There will come a day, unfortunately, that even the last string that connects me to my hometown will be gone – my parents.
Might not even be death.
My dad, for example, has long contemplated moving to Dallas, Texas.
So we will see.
Fourth, you miss the way of life you have down here.
Which typically means low cost of living.
The joy of traveling and doing crazy cool shit that you didn’t back home.
For some, it also means feeling like you are part of a “higher class” than back home because you are a gringo with some money in the bank account.
Some money that might not be impressive in the US but stretches nicely down here.
Along with your gringo exotic factor that might get you positive attention in some ways.
Maybe easier to make friends in some ways or more dating success that some guys report having more down here than up there.
Though sometimes I push back against that idea because I do feel some guys have unrealistic standards for how much nicer that aspect of life is down here.
But I agree with it overall as I wrote about here.
Anyhow, that’s another thing that guys miss when they go back home if we are being honest.
And, with that, they also might miss the friends they made down here also when they leave like I did.

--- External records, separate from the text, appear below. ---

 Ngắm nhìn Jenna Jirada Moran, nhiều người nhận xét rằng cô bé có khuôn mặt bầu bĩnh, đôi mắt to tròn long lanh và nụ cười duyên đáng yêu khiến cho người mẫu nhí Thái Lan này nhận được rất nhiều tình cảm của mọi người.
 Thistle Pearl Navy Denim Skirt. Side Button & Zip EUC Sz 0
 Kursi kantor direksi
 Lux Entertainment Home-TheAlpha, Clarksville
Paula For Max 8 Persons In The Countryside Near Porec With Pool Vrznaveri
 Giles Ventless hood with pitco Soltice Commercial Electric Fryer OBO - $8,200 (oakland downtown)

The worst though is when, through a desire to cling onto all of that, these same guys miss the forest for the trees.
Lost in the Pursuit
In the end, these same guys might resort to measures to keep a life down here long term even when they are not prepared to do so.
As I wrote here, that was a bit similar in my case.

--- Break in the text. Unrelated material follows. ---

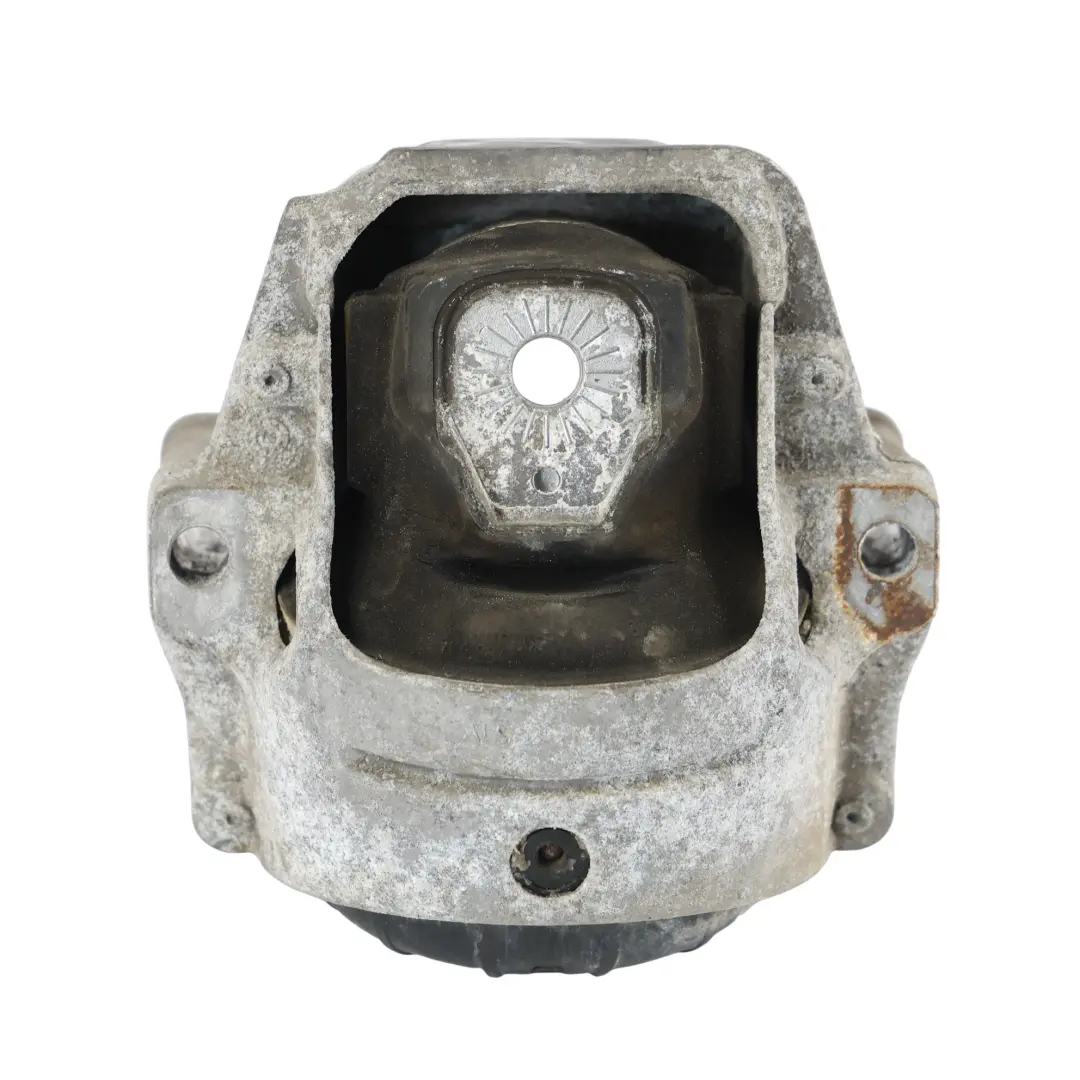 Benzina Supporto Staffa Motore Sinistro 8R0199381 per Audi A5 8T 2.0 TFSI con numero di parte 8R0199381AL Audi A5 8T 2.0 TFSI Benzina Supporto Staffa Motore Sinistro 8R0199381 - SKU 8R0199381AL - Numero di parte 8R0199381AL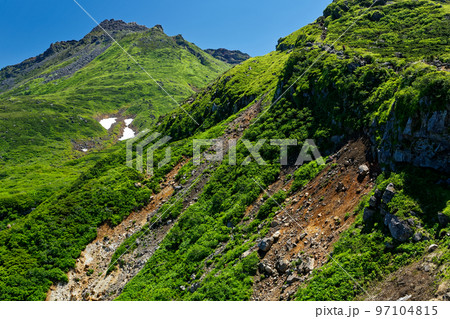 鳥海山・七五三掛付近の登山道から見る新山 鳥海山・七五三掛付近の登山道から見る新山 97104815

Though I had other reasons that I didn’t elaborate here as to why I was so motivated to stick to a life in Mexico City.
But after my first year in Mexico City, I was basically running out of money.
Struggled a bit.
Lived on 300 bucks a month for a tiny bit.
But then got my shit together.
That isn’t uncommon necessarily among young folks living down here.
Some of them though do end up going back home for a tiny bit to make things work before heading back down long term.
From what I have heard, they get depressed at times.
Perhaps feeling “out of place” back home.
Perhaps missing the friends they made down here.
Or missing the way of life.
Whatever it might be.
In the end, I’d say that they are likely still in a “honeymoon phase” in terms of a love for this region and a strong desire to stay at all costs.
Without being realistic as to how to make it work.
If they can get on stable feet though, then it can work out great obviously.
And so really this article is meant to drive home two points.
First, and most importantly, how you might feel “out of place” or “something is different” when you decide to begin living down here and then afterwards when you go back home for a bit.
For me, I think the effect was also stronger in a way because I had never left the US prior.
And rarely left my home state of Iowa.
That’s the biggest point I want to drive home with this article because I haven’t really touched on the topic of “feeling out of place” when back home.
At least not too much in other articles.
The second point, which is minor since I’ve covered it enough already, is how, arguably, these same guys might act foolishly to “keep the dream alive.”
Granted, you can argue that there is something admirable, to a degree, at making it work out if it does.
And if it does work out for you in the long run…
If you do get on stable feet…
Then all the better.
Was a learning experience then at how to support yourself online.
Like it has been for me.
Either way, that’s all I got to say.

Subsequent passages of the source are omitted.